Data
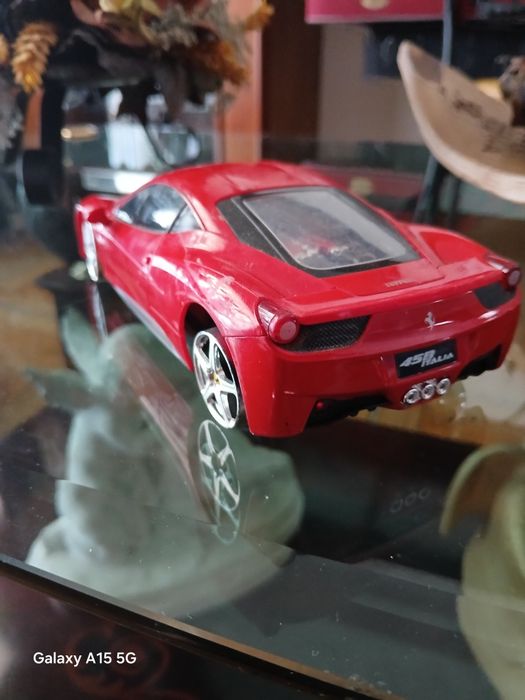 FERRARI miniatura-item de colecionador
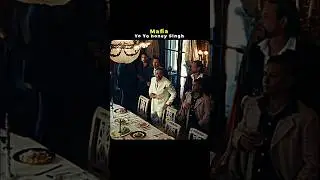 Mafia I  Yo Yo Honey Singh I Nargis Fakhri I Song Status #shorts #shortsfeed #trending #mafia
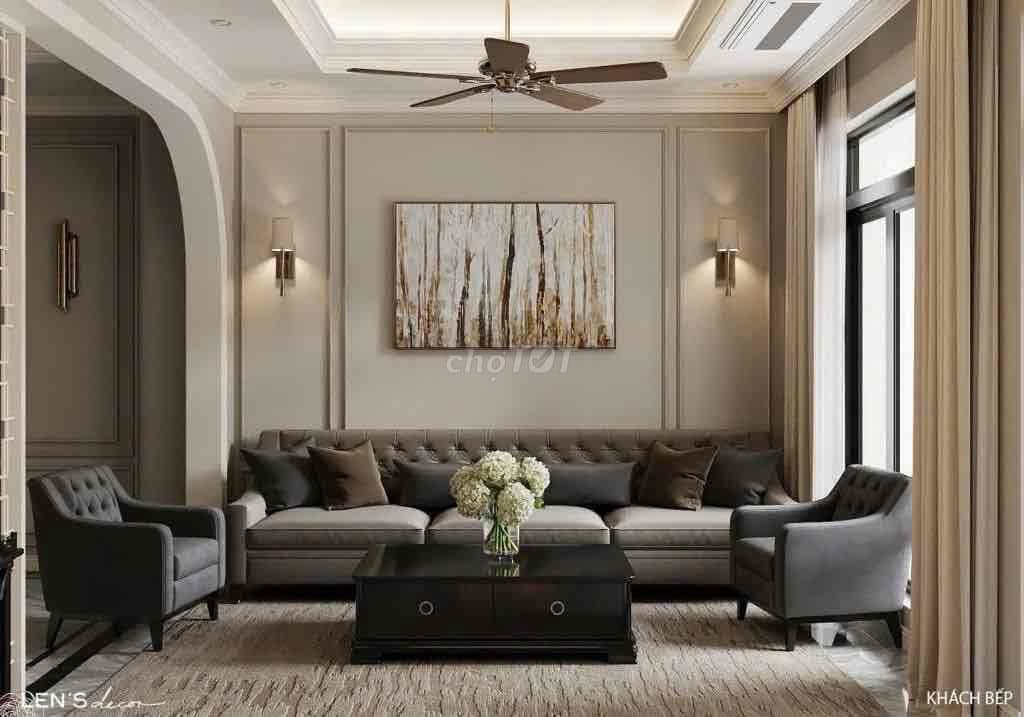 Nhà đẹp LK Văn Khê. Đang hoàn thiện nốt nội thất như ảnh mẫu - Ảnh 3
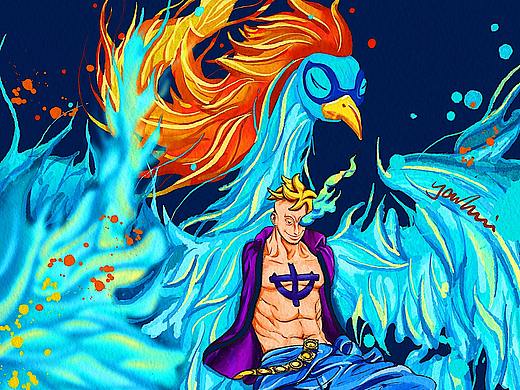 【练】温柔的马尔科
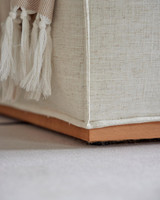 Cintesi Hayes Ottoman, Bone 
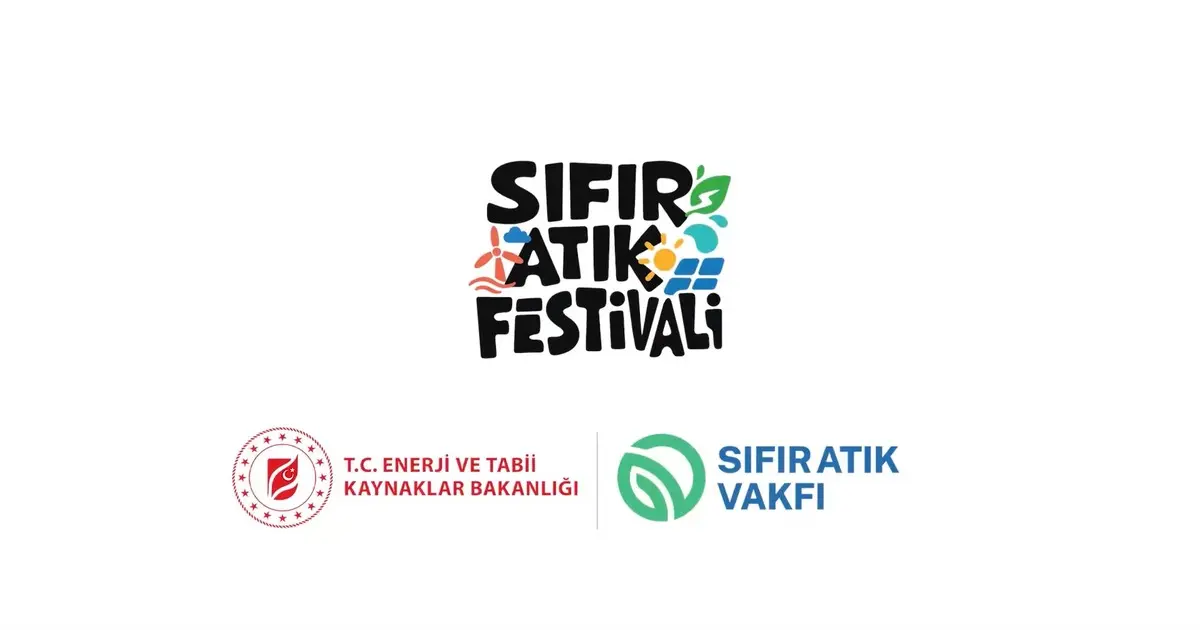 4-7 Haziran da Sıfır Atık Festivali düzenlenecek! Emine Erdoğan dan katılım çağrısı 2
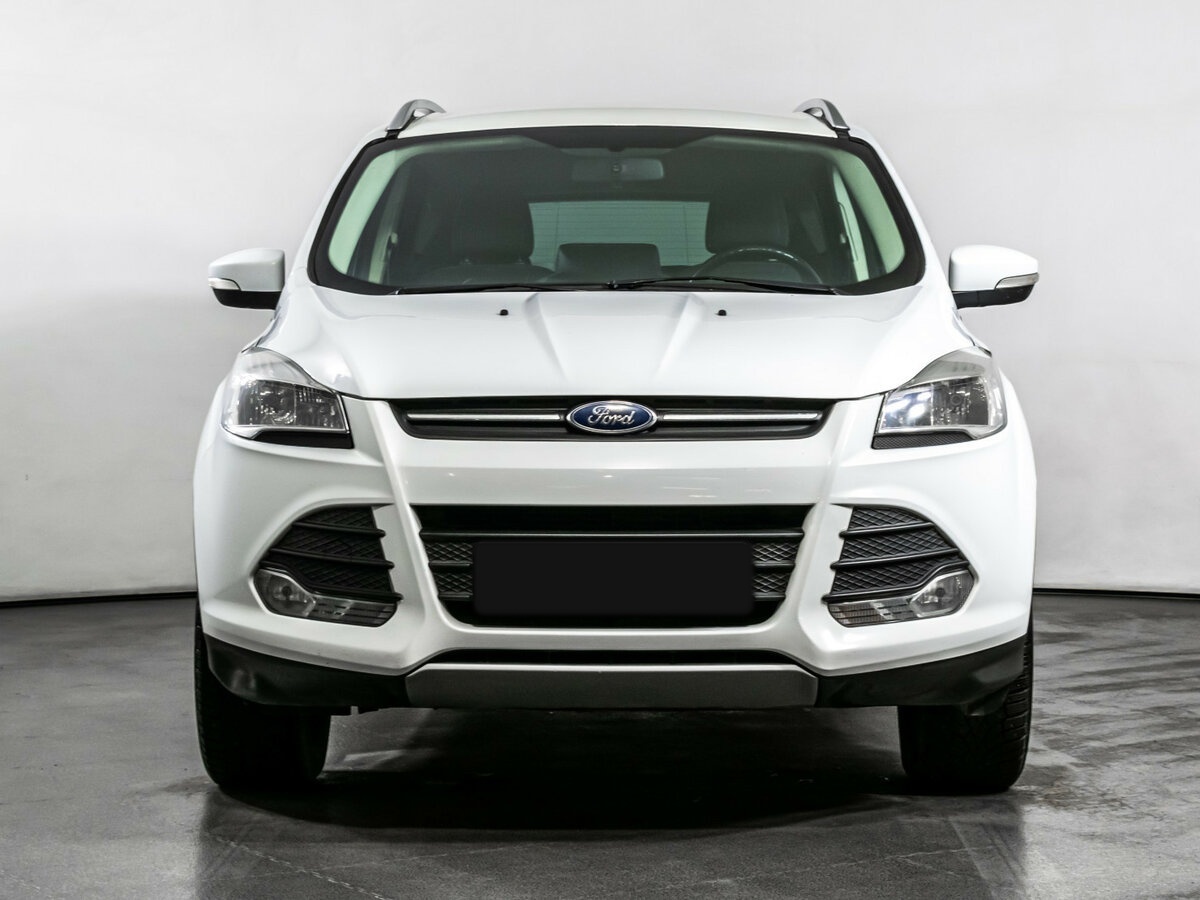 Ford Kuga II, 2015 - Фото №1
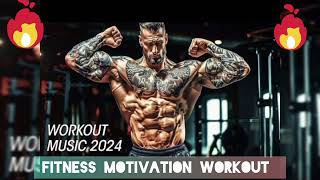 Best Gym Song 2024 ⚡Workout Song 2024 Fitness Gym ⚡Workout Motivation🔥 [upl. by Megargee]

What to produce
Please transcribe word for word the lines from the one bearing "Ford Kuga II, 2015 - Фото №1" through the last line of the records above, omitting the pictures.

Answer
 Ford Kuga II, 2015 - Фото №1
 Best Gym Song 2024 ⚡Workout Song 2024 Fitness Gym ⚡Workout Motivation🔥 [upl. by Megargee]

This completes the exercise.